**Work request:** Pictures in the data should be dropped; transcribe exactly the lines from the one that has "Masantol 3D Outdoor Area Rug - Clearance" through the one that has "Prodám Gravel Rondo Ruut AL I".

··· Supplied records

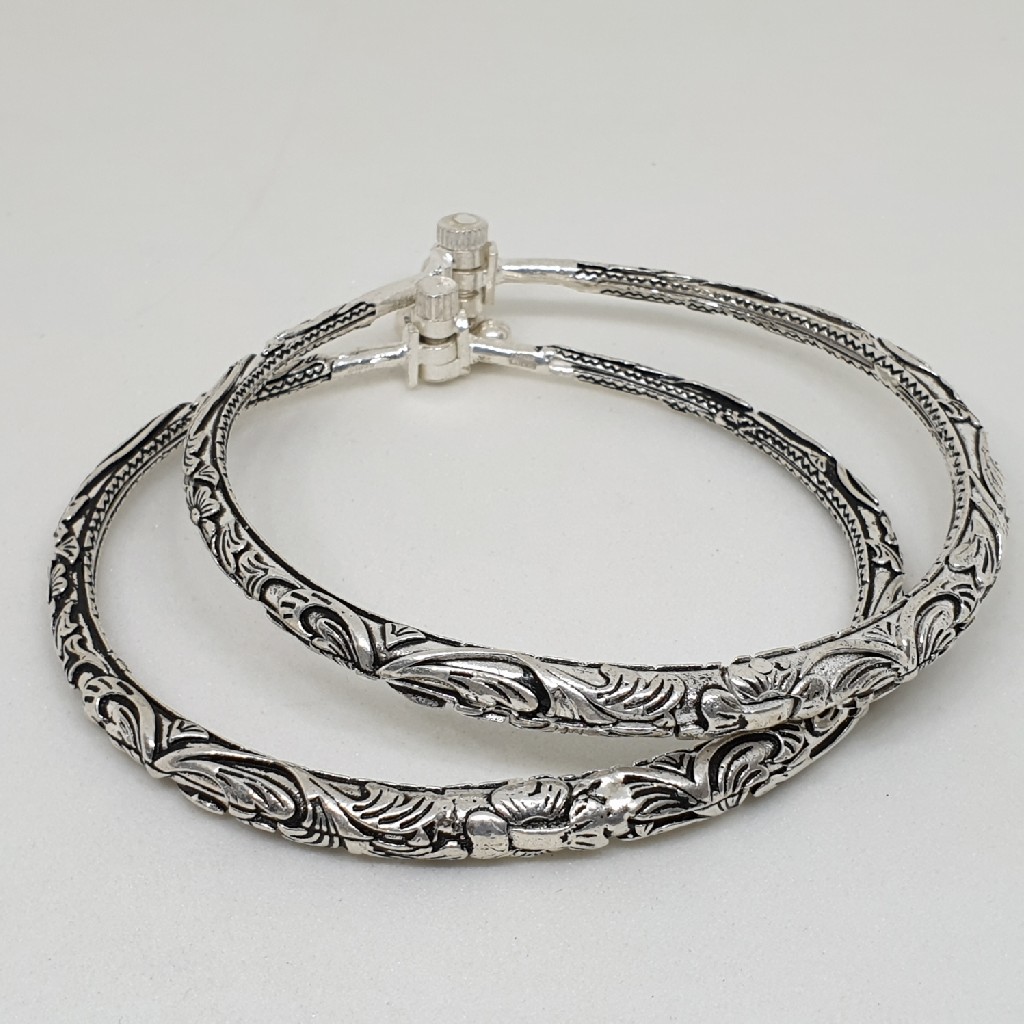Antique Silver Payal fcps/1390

······
··· Supplied records

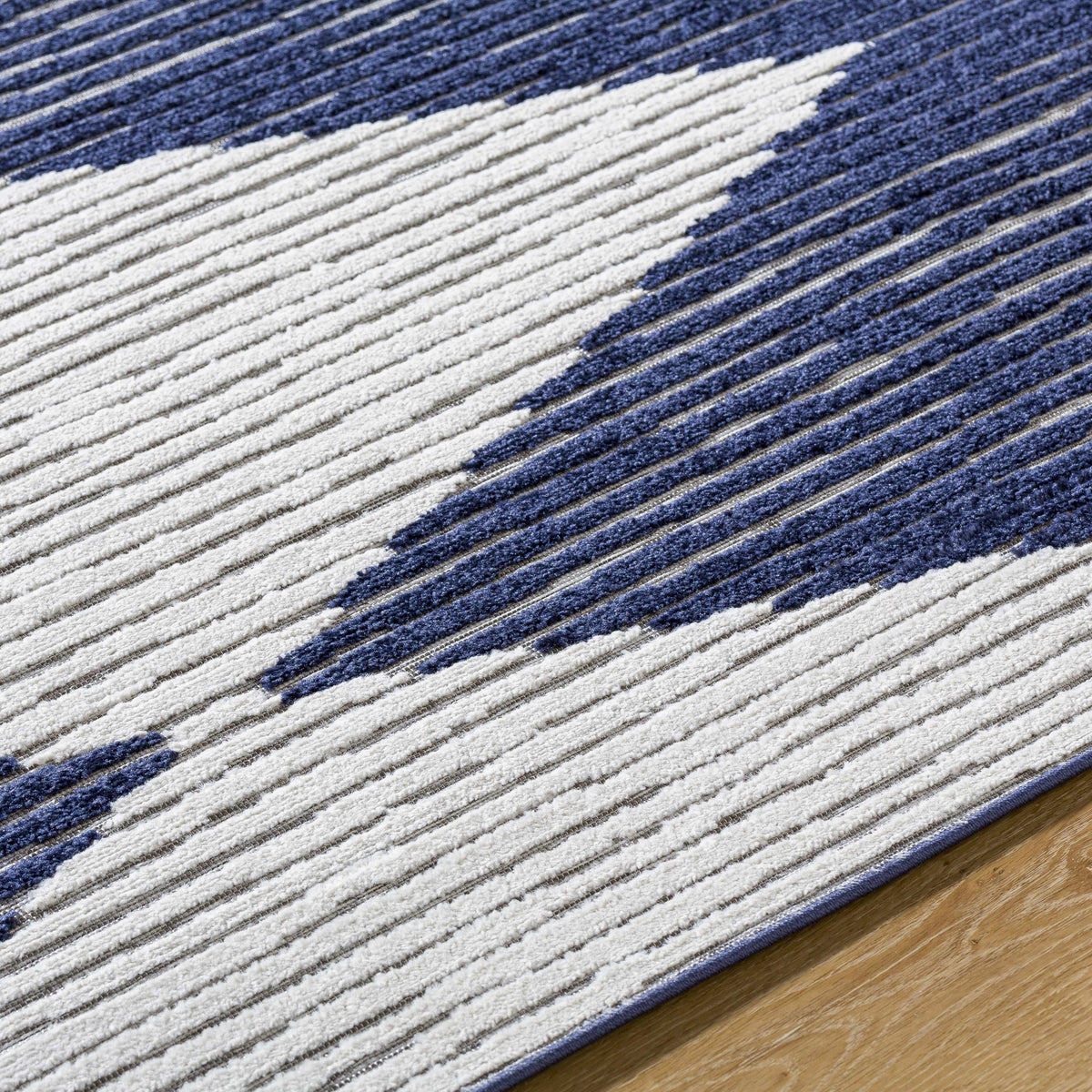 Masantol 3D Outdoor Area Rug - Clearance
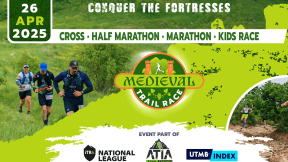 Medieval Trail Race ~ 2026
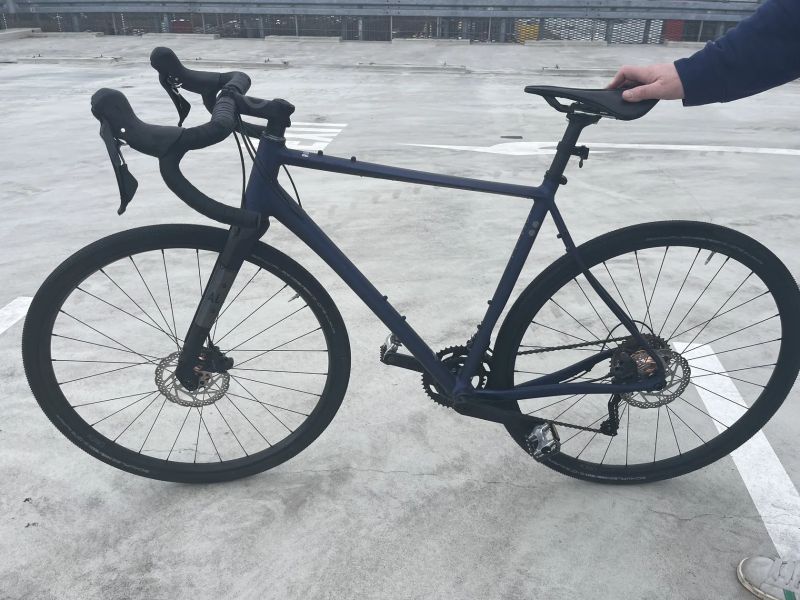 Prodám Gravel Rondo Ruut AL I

······

**Result:**
 Masantol 3D Outdoor Area Rug - Clearance
 Medieval Trail Race ~ 2026
 Prodám Gravel Rondo Ruut AL I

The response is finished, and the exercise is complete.